Using AI to Shift E2E Test Maintenance Left
E2E tests rarely fail because of a single dramatic change. More often, they fail because of small, reasonable changes that accumulate over time. A selector is renamed, a component is refactored, or a feature is gated. Each change makes sense on its own, yet the impact on E2E tests is usually discovered only after the code is merged, by which time context is already lost.
I work on the testing infrastructure team at monday.com, and we see this pattern repeatedly. It is not a problem of discipline or test coverage, but of feedback timing. By the time a failure appears in CI, the developer who made the change has often moved on, and the person debugging the failure has to reconstruct intent from scratch.
At some point, this stopped feeling like normal E2E friction. We were seeing the same pattern repeat itself again and again: a harmless-looking UI change, a merge, and then a failing test in CI. The test did its job and failed. But the signal arrived without context.
As the team responsible for testing infrastructure, we were constantly pulled into investigations where the fix was often trivial, yet the effort was not. The real work was reconstructing which change caused the failure and what assumption it broke, long after the original decision had already been made.
That was the moment we started asking a different question. Instead of asking how to fix E2E failures faster, we asked if we could help engineers understand failures sooner, while the change context was still accessible.
Shifting E2E Feedback into Code Review
CI is very good at telling us that something broke.

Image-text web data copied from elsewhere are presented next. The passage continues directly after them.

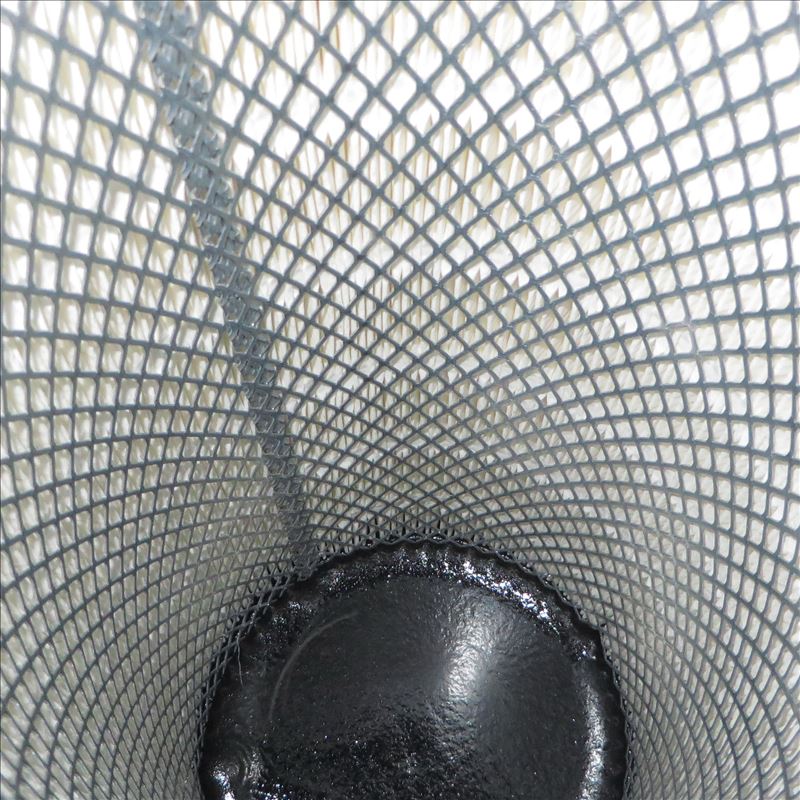 Filtro de aire AF25414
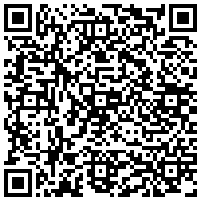 QR Code for bitcoin:bitcoin:bitcoin:bitcoin:bitcoin:bitcoin:bitcoin:bitcoin:bitcoin:bitcoin:bitcoin:bitcoin:dash:Xds2fUH4mPpocnLh5q4SHDgPCZCu2ktApF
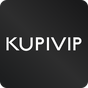 APK-иконка KupiVIP.ru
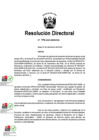 Vista preliminar de documento RD 776-2024-MIMP-OGA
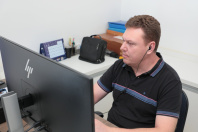  A nova estratégia do Paranacidade mitiga riscos internos e externos, em cenários de incertezas, e garante Resiliência Institucional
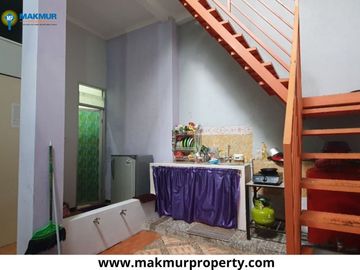 Rumah Kos Di Malang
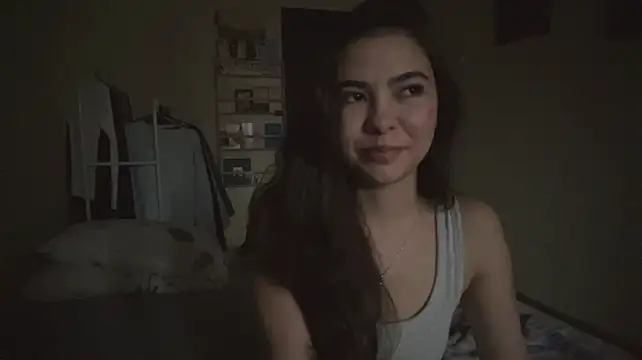 Ellewaay live cam on StripChat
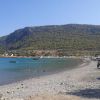 Tisan beach II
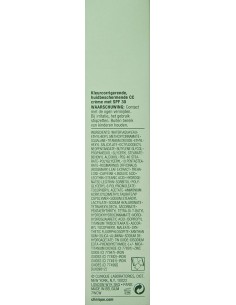 CLINIQUE Superdefense CC Cream Light Medium SPF30 40 ml – Corrector Facial Hidratante y Protector   2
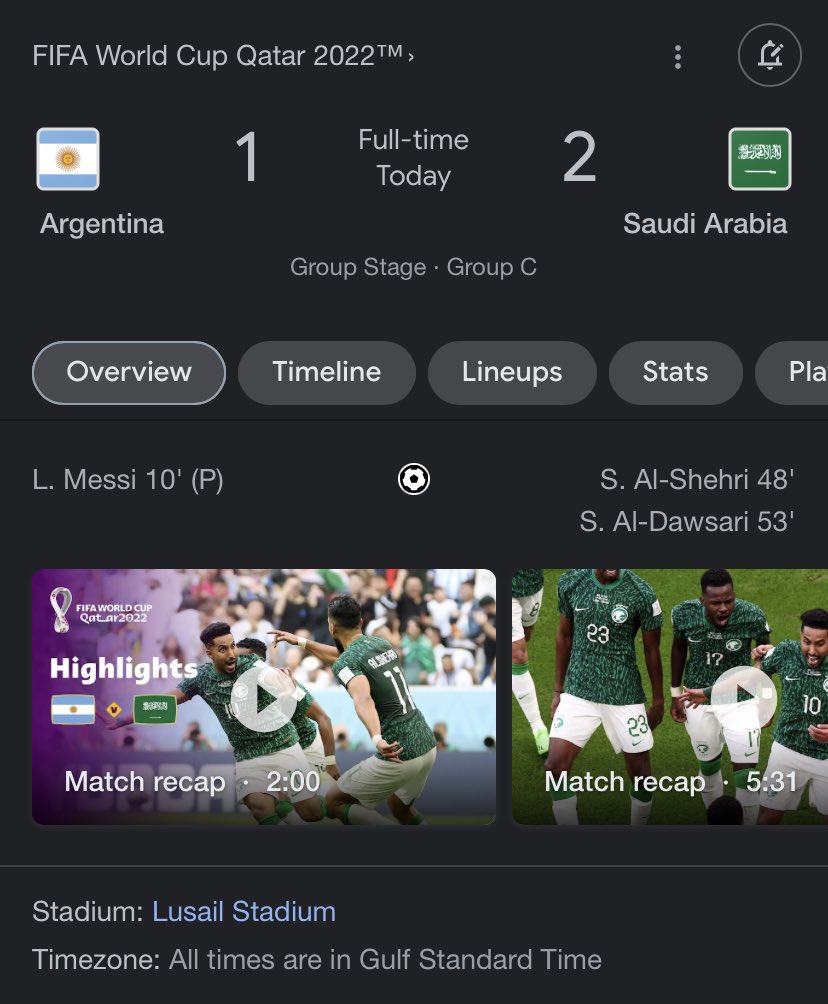 I love football!
In football, eating dattes &amp; drinking Camel milk came help to win against some of the best team… and it is healthy !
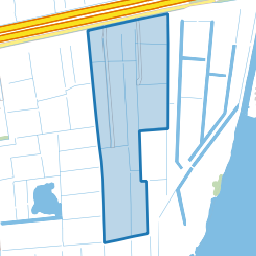 Perceel LEE01-B-2467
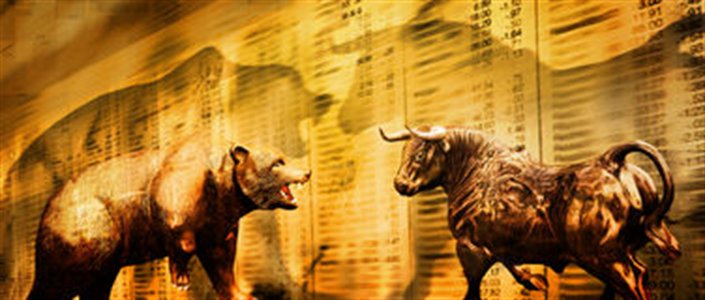 PBratbyOfficial's tweet photo. Your #trading BEARS mixed with  BULLS? @mytradingbuddy education page for mentors, books+ https://t.co/UelPXcSN1o https://t.co/sGghPv6ebq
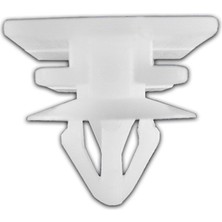 I'm Global Im Global Renault Kangoo Yan Kaplama Klipsi 7703077448 – Kapı Iç Trim Plastik Klips- 5ADET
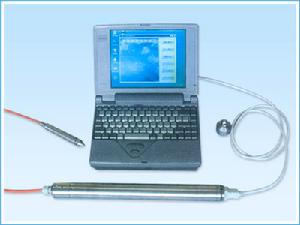 地下水動態監測設備WS1040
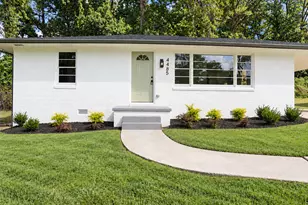 4485 Hickory Wood Ln, Atlanta, GA 30360 - Photo 1
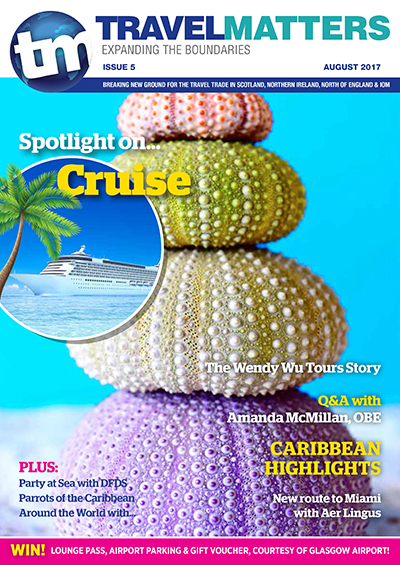 travel-matters-issue5-cover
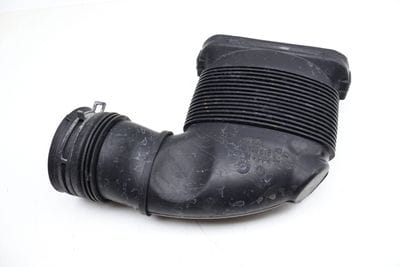 Air Intake Duct / Hose 1K0129618AD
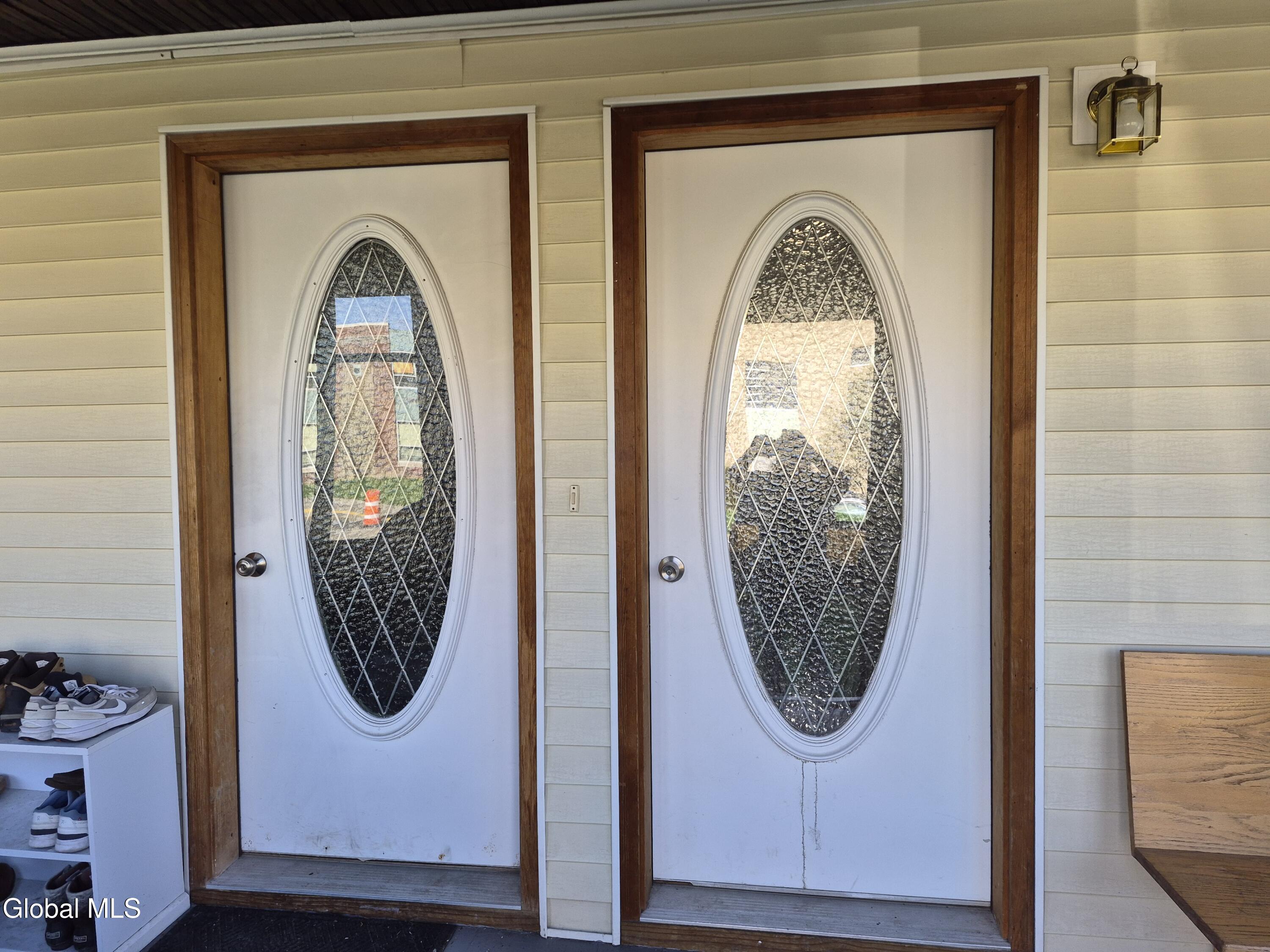 22-24 Campbell Avenue, Castleton-on-Hudson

What it is not good at is explaining why.
In practice, many E2E failures are regressions introduced by recent UI changes. The failure shows up in CI, but the connection to the original pull request is no longer obvious. By the time someone looks at the failure, the PR is merged, the reviewer has moved on, and the failure feels disconnected from the original decision.

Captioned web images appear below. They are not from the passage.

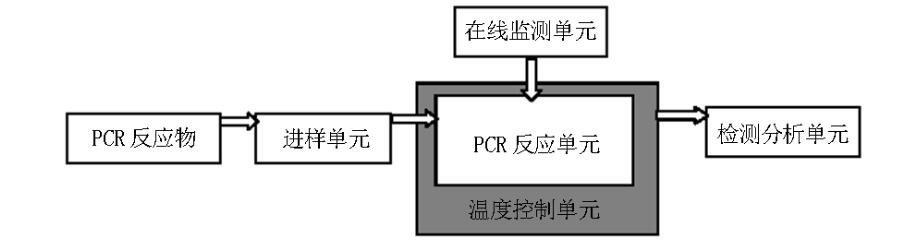 1477963693594397.jpg QQ截图20161101092747.jpg
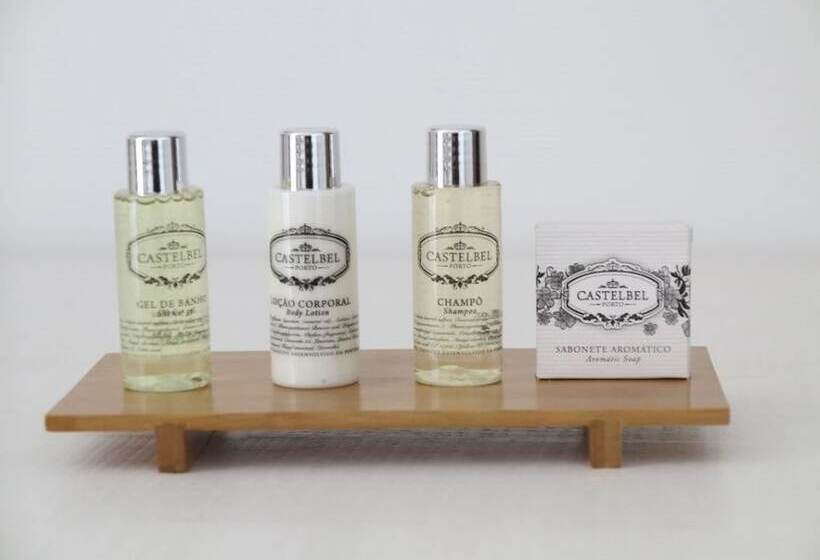 Lisbon Five Stars Apartments Combro 77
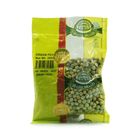 House Brand Green Peas 250g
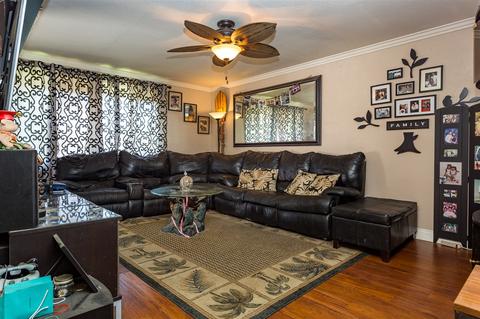 13406 Olive Tree Ln, Poway, CA 92064 photo 5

We wanted to shift that experience. Instead of treating E2E maintenance as a purely post-merge activity, we explored how AI could help reconnect failures to the changes that caused them and surface that information during code review.

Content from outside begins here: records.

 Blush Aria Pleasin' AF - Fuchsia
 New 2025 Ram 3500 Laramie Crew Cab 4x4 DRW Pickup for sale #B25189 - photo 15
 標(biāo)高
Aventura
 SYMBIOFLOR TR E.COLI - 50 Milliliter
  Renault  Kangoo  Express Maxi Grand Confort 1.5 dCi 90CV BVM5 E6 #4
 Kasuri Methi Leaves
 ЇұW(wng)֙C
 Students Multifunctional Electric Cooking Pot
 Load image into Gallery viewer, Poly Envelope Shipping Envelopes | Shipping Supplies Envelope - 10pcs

The goal was not to replace CI or prevent all failures. CI remains the detector. Our focus was on what happens next.
How It Works in Practice
At a high level, the system treats a failing E2E test as a signal that needs explanation, not something to retry, mute, or “stabilize”.
When CI reports an E2E failure, the goal is not to ask “how do we make the test pass again?”
The goal is to ask a more useful question:
What assumption did this change invalidate?
That shift is what drives the entire design.

Phase 1: Explanation and Analysis
A pull request is updated. CI runs Playwright E2E tests as usual.
If E2E tests fail, a composite action is triggered. That action:
- collects failed job logs and stack traces
- inspects the pull request diff
- invokes an AI agent to reason about the failure
Instead of looking at failures in isolation, the agent correlates what broke with what changed. UI structure, selectors, test IDs, and behavioral changes are analyzed together, in the context of the pull request that introduced them.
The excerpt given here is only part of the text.